El relativo buen desempeño de la economía brasileña durante la pandemia ha estado impulsado por el enorme aumento del gasto público, especialmente social; y, curiosamente, este auxilio de emergencia de espíritu
lulista ha inflado la popularidad de Bolsonaro. Pero también choca frontalmente con el techo de gasto, un consenso casi religioso que ha otorgado a la austeridad jerarquía constitucional. Los equilibrios futuros son complejos. La campaña de 2002 demostró cuán flexible puede ser
'Lula', capaz de empatizar, prometer y encantar a los pobres y conjurar, a su vez, los temores de los ricos. Veinte años y un proceso judicial después, no está claro que pueda repetir el hechizo, con la agenda neoliberal a la ofensiva, aun para un político de su carisma y estatura. A la luz de la experiencia reciente, a Bolsonaro le puede resultar difícil resistirse a apostar por el gasto público como motor de la economía y de su campaña para la reelección; especialmente si tiene enfrente al padre de
Bolsa Família.

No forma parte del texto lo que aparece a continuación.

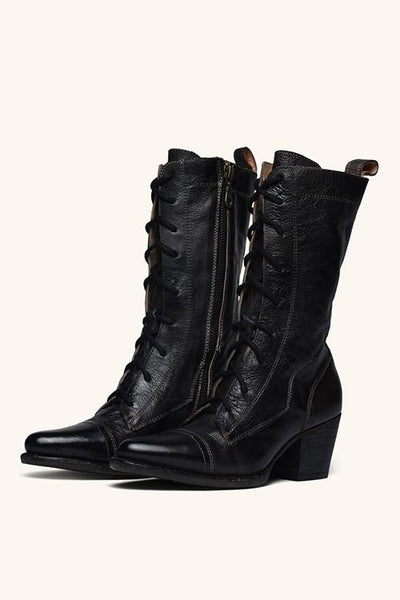 Viantage Leather Lace Up Chunky Heel Boots - girlyrose.com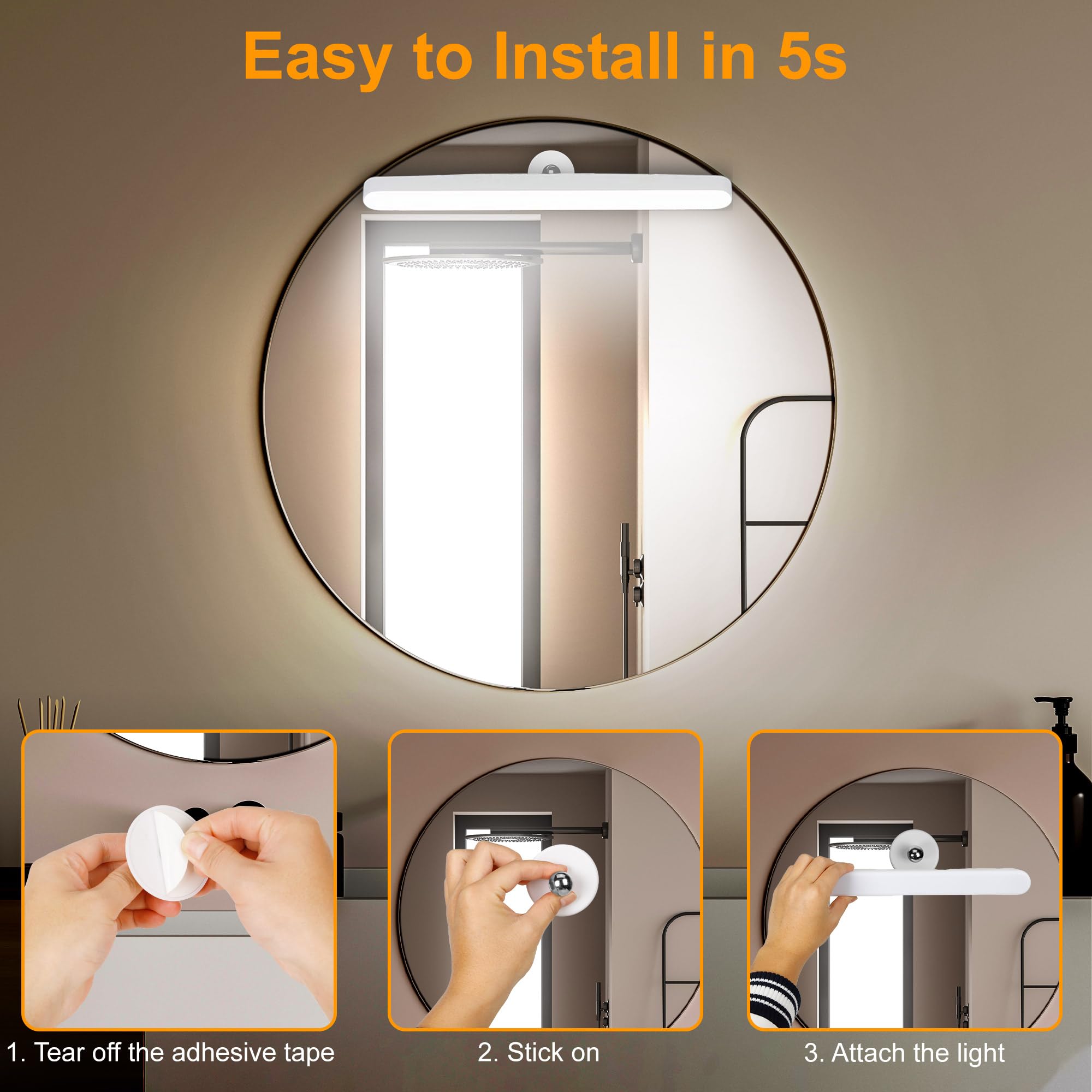 Benreom Wireless Mirror Lights - Rechargeable, Adjustable Brightness, 1 Pack, White Light, ABS Material for Makeup Vanity & Bathroom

El panorama para las élites económicas es más incierto que nunca.
Desde la clase política, las reacciones de Rodrigo Maia (partido Demócratas), Tasso Jereissatti (Partido de la Social Democracia Brasileña) y hasta el presidente de la Cámara de Diputados, Arthur Lira, reflejan una autocrítica implícita y una invitación abierta a la rehabilitación de un
Lula que opte por moverse hacia el centro.
Queda abierto el interrogante sobre la reacción del sector militar. Como ha quedado al desnudo en las recientes
memorias del general Eduardo Vilas Boas, publicada en forma de entrevista por la Fundación Getulio Vargas, los uniformados fueron un factor condicionante en las decisiones sobre la libertad y la candidatura de
Lula da Silva; y, desde la llegada de Bolsonaro, se han convertido en protagonistas principales de la gestión gubernamental. ¿Aceptarán competir mano a mano, según la regla de los votos, con quien ayudaron a detener y excluir?
Los devastadores efectos de la pandemia han vuelto a poner en crisis a un Brasil que, desde hace más de un lustro, está embarcado en una constante revisión de sí mismo en la que nada, ni siquiera la democracia, es una certeza, y donde ninguna tradición puede darse por muerta, pero tampoco por vencedora. La probable rehabilitación política de
Lula puede ser un nuevo capítulo de esa revisión constante. Un nuevo papel para quien, en cada encarnación desde hace más de 40 años, ha sido actor protagonista.